Credit: Gage Skidmore/Wikimedia Commons

It’s official—Joe Biden will be the 46th President. There will be no more certification of the results between now and Inauguration Day. In addition to that, Donald Trump gave us about as close to a concession as we’d expect from him. 

So what happened this election cycle? Well, the Democrats lost seats in the House of Representatives, but maintained a majority. In addition, the Democrats just barely won control of the Senate, in no small part thanks to the election of Rev. Raphael Warnock and Jon Ossoff. Lastly, the Democrats won the Presidency, with President-Elect Joe Biden, the oldest person to ever hold the role, and Vice President-Elect Kamala Harris, the first woman, and the first person of color to hold the role. 

The electoral margin was 306 to 232–exactly the same as the margin by which Donald Trump beat Sec. Hillary Clinton in 2016.

The Trump administration is not ending on a positive note. His approval rating is the lowest it’s ever been. There was a security breach of the Capitol Building during the confirmation of the electoral votes. This resulted in an evacuation, five deaths, and over 50 people being arrested. Following the riot, two of Trump’s cabinet members have resigned, those being Sec. of Transportation Elaine Chao, and Sec. of Education Betsy DeVos.

In addition, articles of impeachment are being drafted in the House for a second time, this time referring to Trump’s supposed incitement of the Capitol Building breach, and the now-infamous phone call with the Georgia Secretary of State, in which he asked him to “find” enough votes. 

Simply put, the Democrats are in a very good position at the moment. But with this new Democratic Supermajority, (meaning they control the presidency and both houses of Congress) what can we expect to see get passed in the next two years?

Honestly, not much.

If you’re hoping for me to say that they will pass things like Medicare for All, the Green New Deal, and Universal Basic Income, I’m sorry but I won’t. We may have a comfortably democratic house, but the Senate is right down the middle; if one Democrat sides with the other side, then they lose their majority. 

In addition to that, Joe Biden is a very moderate liberal. He has hinted that if Medicare for All were to somehow end up on his desk, he would veto it. He is also against Universal Basic Income, and his climate policy falls short of being as drastic as the Green New Deal.

We will get some things, though. 

Moderate climate policy is likely, such as the banning of oil fracking on federal land and a gradual transition to clean energy. 

Another thing that is likely to pass is BidenCare, which includes a public health insurance option.

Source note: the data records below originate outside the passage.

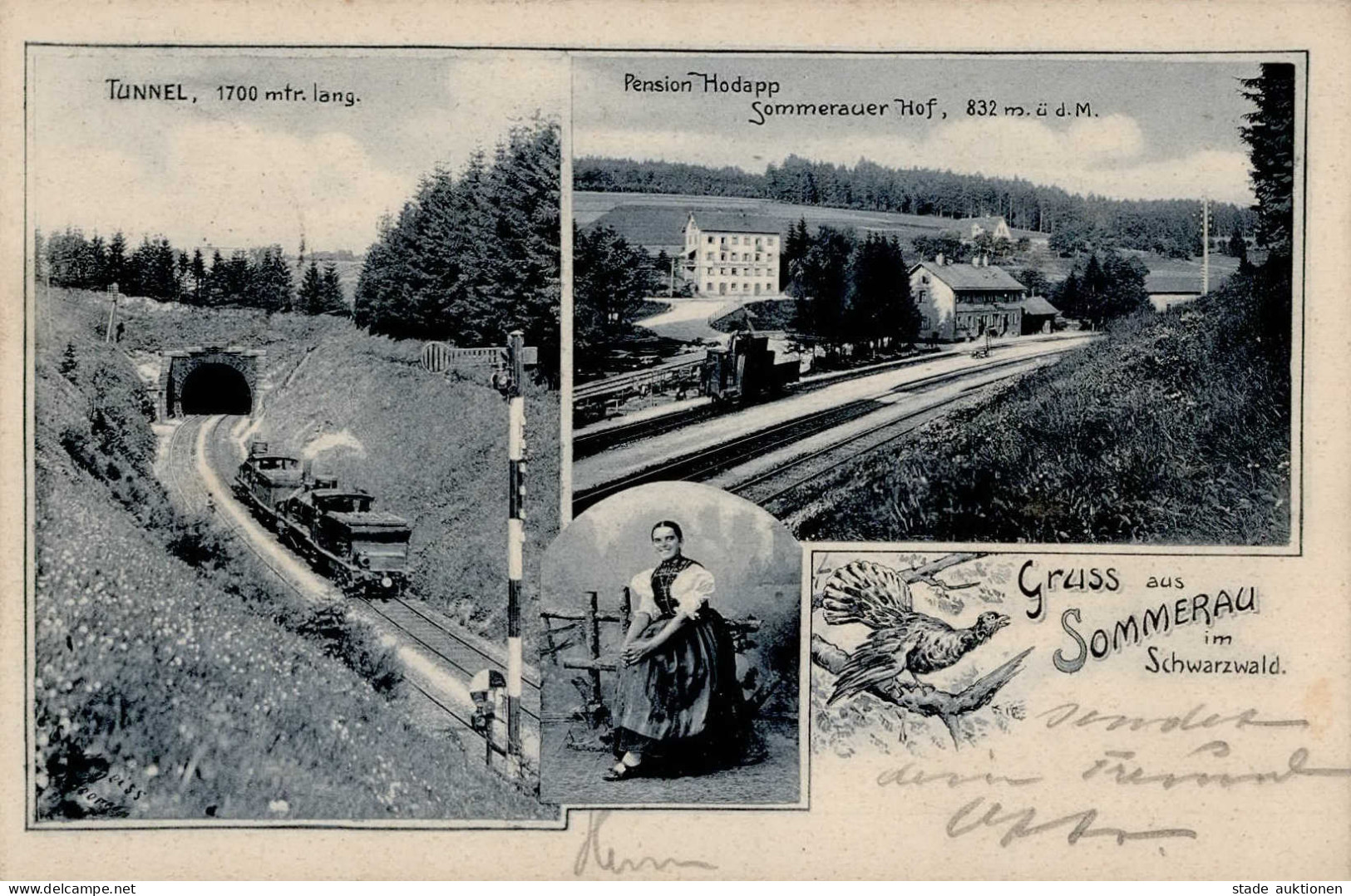 Sommerau (7742) Gasthaus Sommerauer Hof Tracht Eisenbahn 1905 I Chemin De Fer - Karlsruhe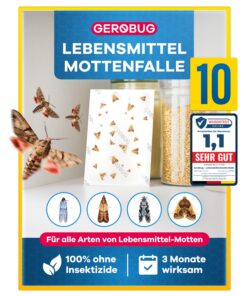 GEROBUG Lebensmittelmotten-Falle - 10 x geruchlose Pheromonfalle - Haushalte und Speicher.argmaxisch Eßware vorbehaltlic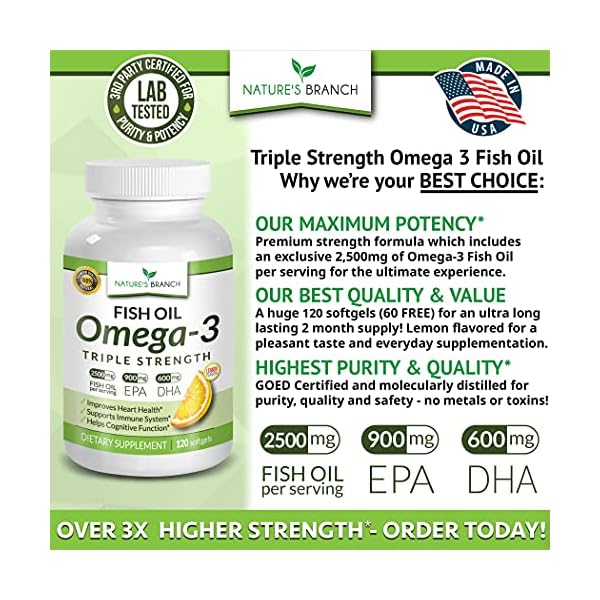 Best Triple Strength Omega 3 Fish Oil Pills 2400mg | 120 Capsules | Burpless High Potency Lemon Flavor | 864mg EPA 576mg DHA Ultra Pure Liquid Softgels | Brain Joints Eyes Hair Heart Health Supplement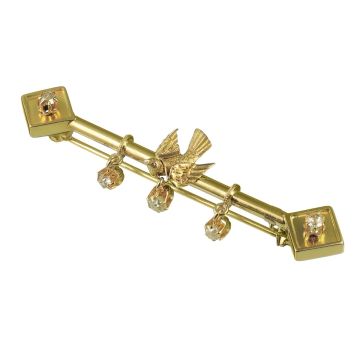 Extravagante Brosche aus 585er Gelbgold mit einem aufgesetzten Vogel und 5 Altschliff-Brillanten
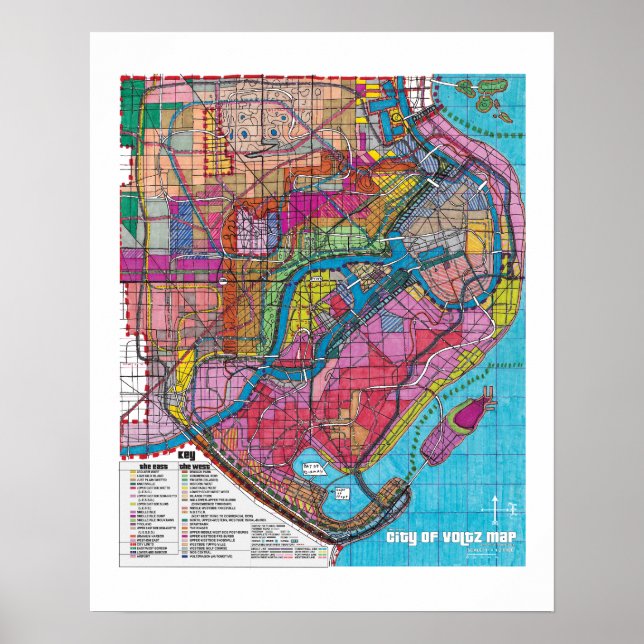 Póster El cartel del mapa oficial de la ciudad de Voltz ( (Frente)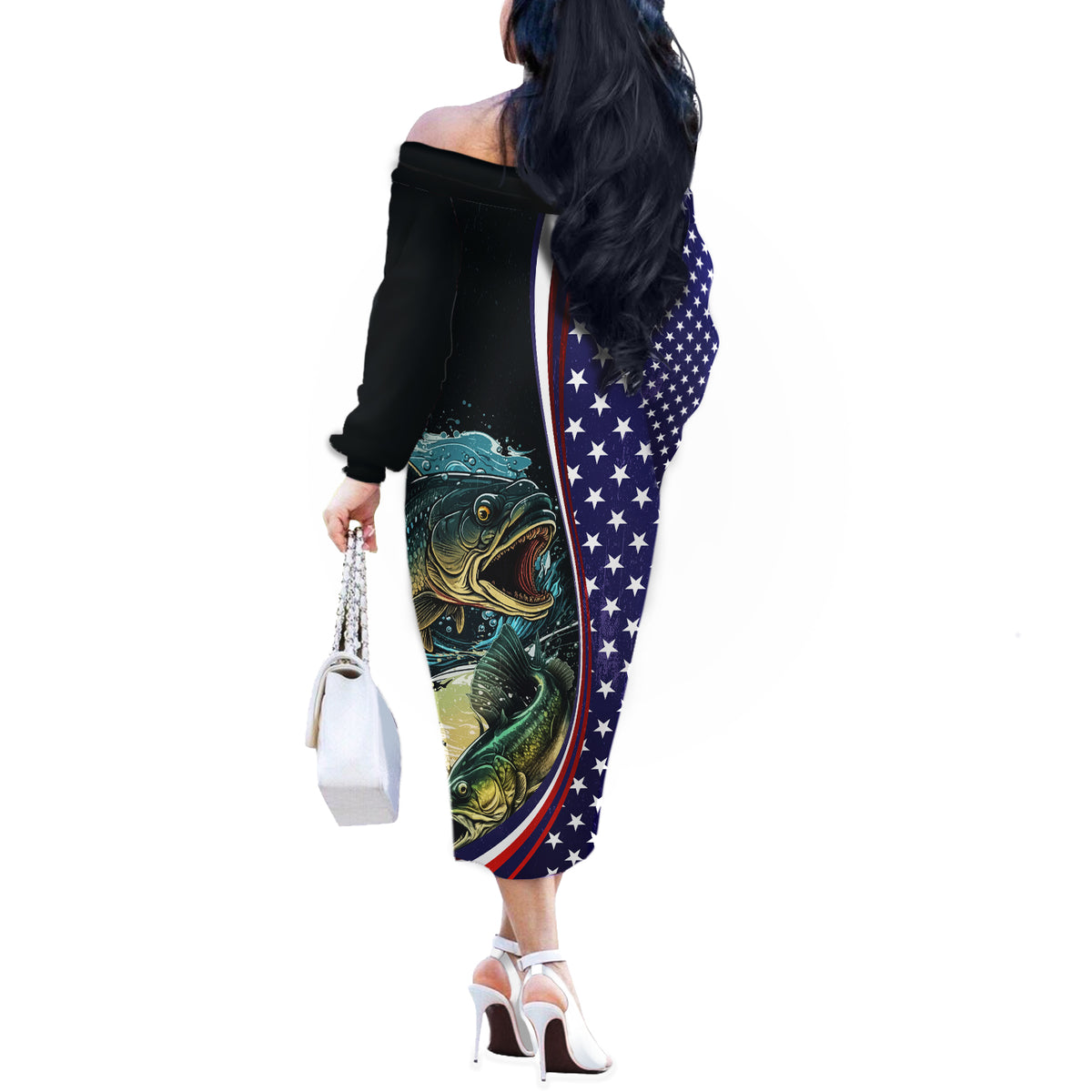 Bass Fishing Off The Shoulder Long Sleeve Dress Double Largemouth Bass Old Style - Wonder Print Shop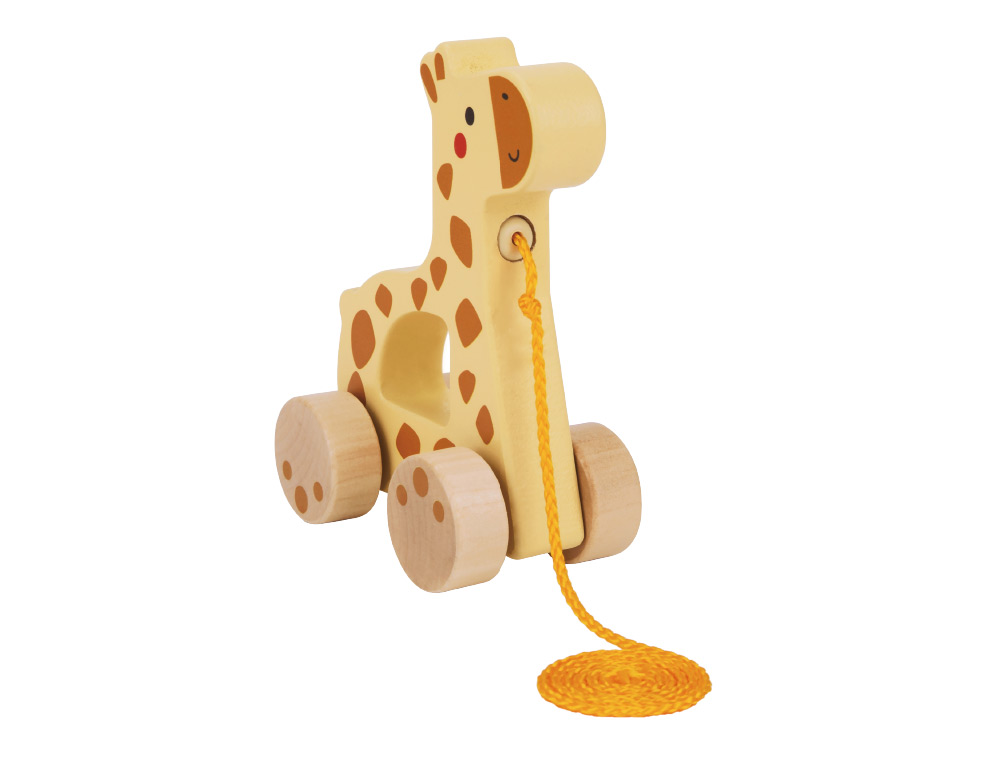 Jogo infantil imaginovo madeira girafa para arrastar com rodas +12 meses 16x12x5,4cm ( Imagem 3 de 9 ) - Preview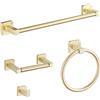 bluebyrne Set di accessori da bagno in oro spazzolato, 4 pezzi, in acciaio inossidabile, da parete, include barra portasciugamani da 40 cm, anello per asciugamani, ganci per accappatoio, porta carta igienica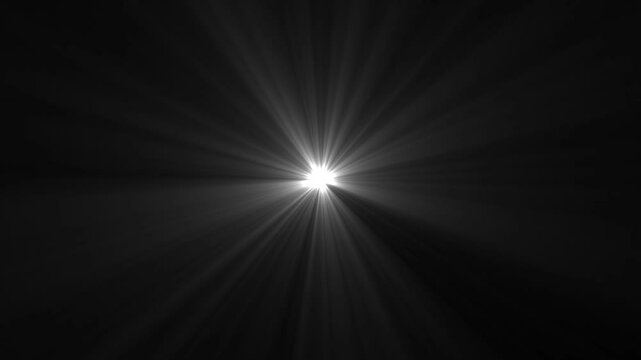 High-quality motion graphic of sun rays light effects, overlays or flare glow array isolated on black background.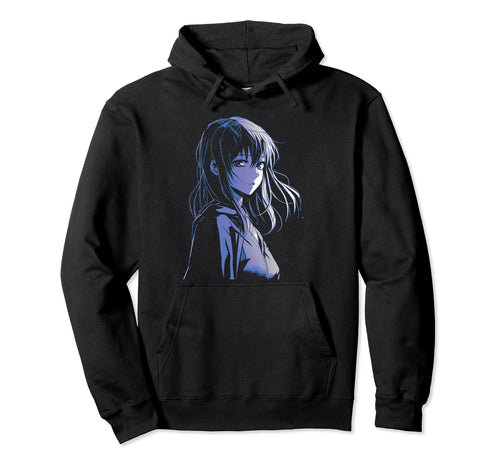 Sad Anime Aesthetic Japanese Vaporwave Hoodie - Custom Art Print Men Women - T-Shirt, Sweatshirt, Hoodie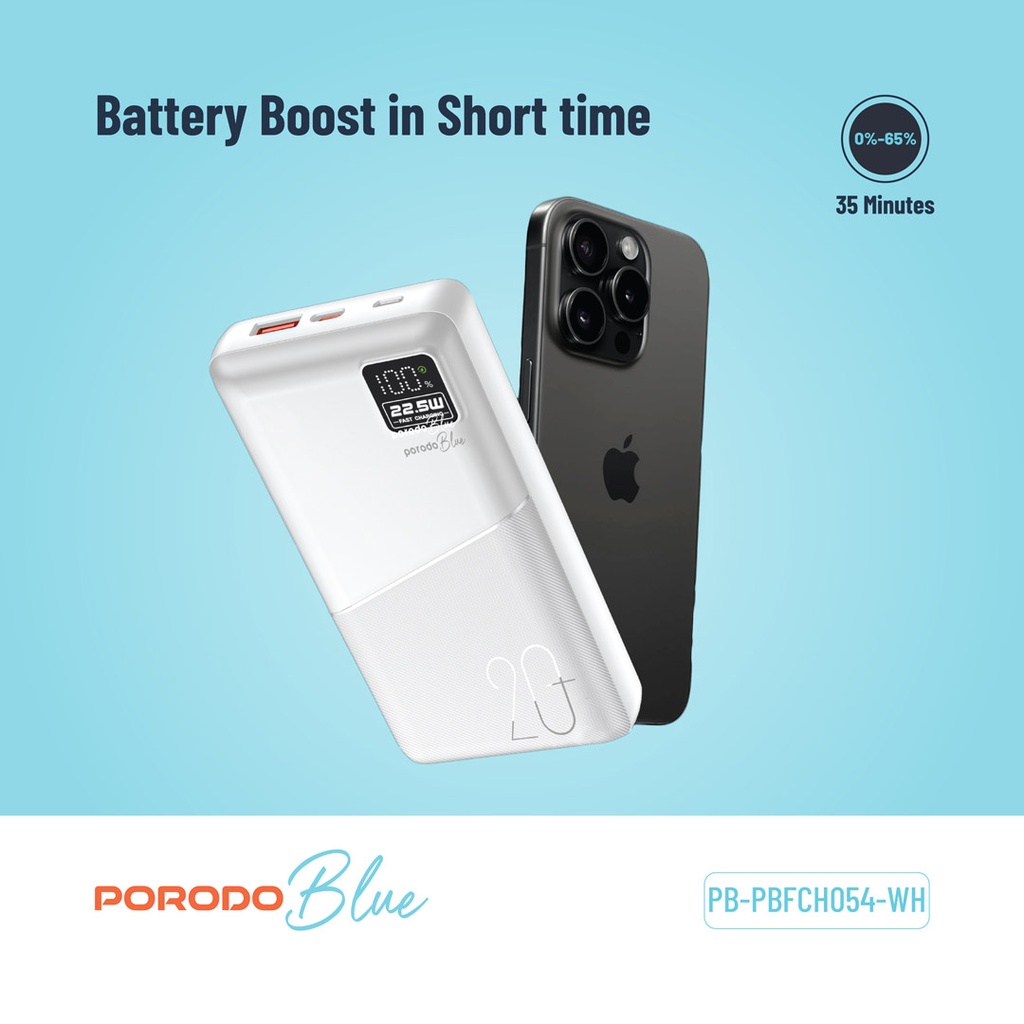 PORODO BLUE 20000MAH QUICK CHARGE POWERBANK USB A AND USB C OUTPUT PD20W WHITE PB-PBFCH054-WH - Image 3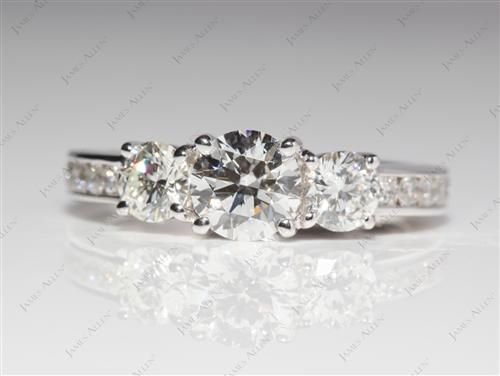 White Gold 0.62 Round cut Three Stones Diamonds Rings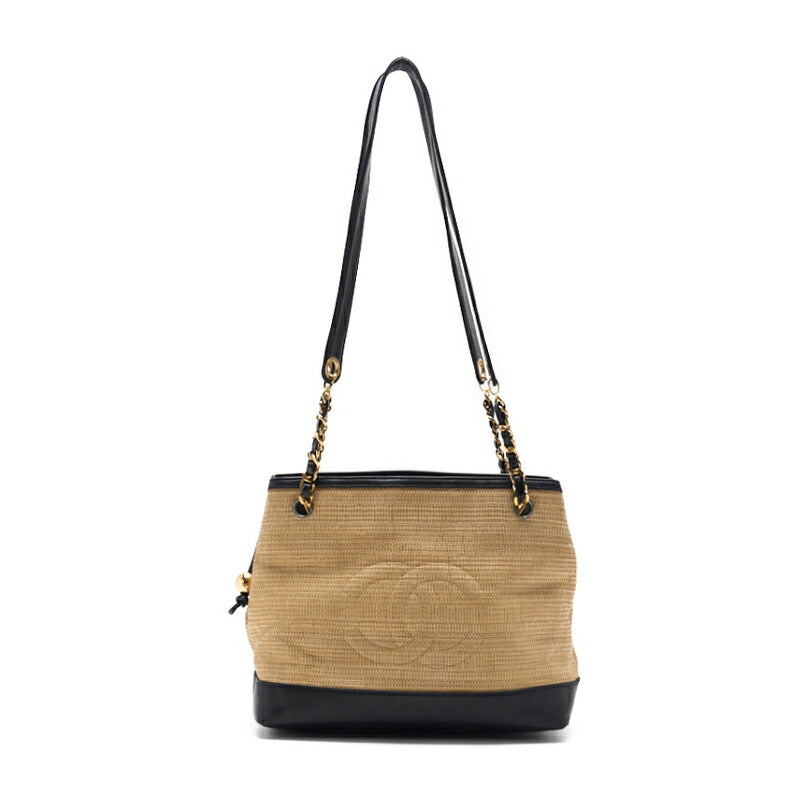CHANEL Shoulder Bag, Coco Mark, Double Chain, Straw and Lambskin, Beige, Gold-Tone Hardware, Pre-Owned - Vintage La Charme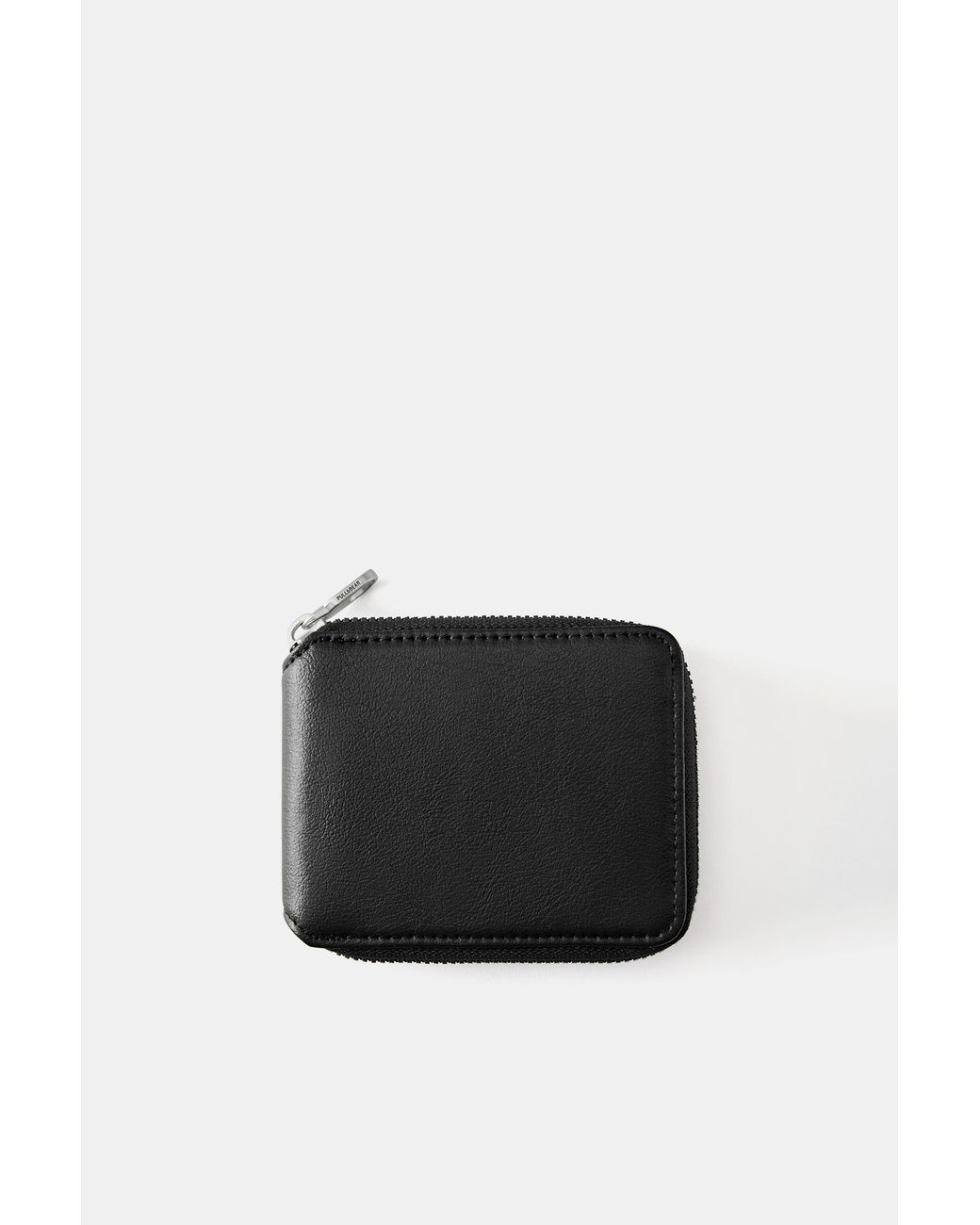 Pull&Bear Black Plain Suede Wallet for men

While it’s not Medicare for All, this would be historic, possibly the highlight of a Biden Administration.

We will also probably see tax increases on the wealthy, and only the wealthy. Biden has pledged that he will not raise taxes on anyone making less than $400,000 per year.

The thing that will change people’s immediate future the most that will most definitely be passed, is the $2000 stimulus checks. I can say this with such certainty, because Senate Democrats have prioritized that. 

So what do these next two years have in store for us? Baby steps. 

I really hope that the Democrats will do their country proud, just as I hope the same with Republicans. Sadly, that’s a rare sight to see from either side of the aisle. The most important thing that we can do is to get involved with politics and vote in every election we can when we’re of age for candidates we admire. 

A single vote seems insignificant, but it can bring change.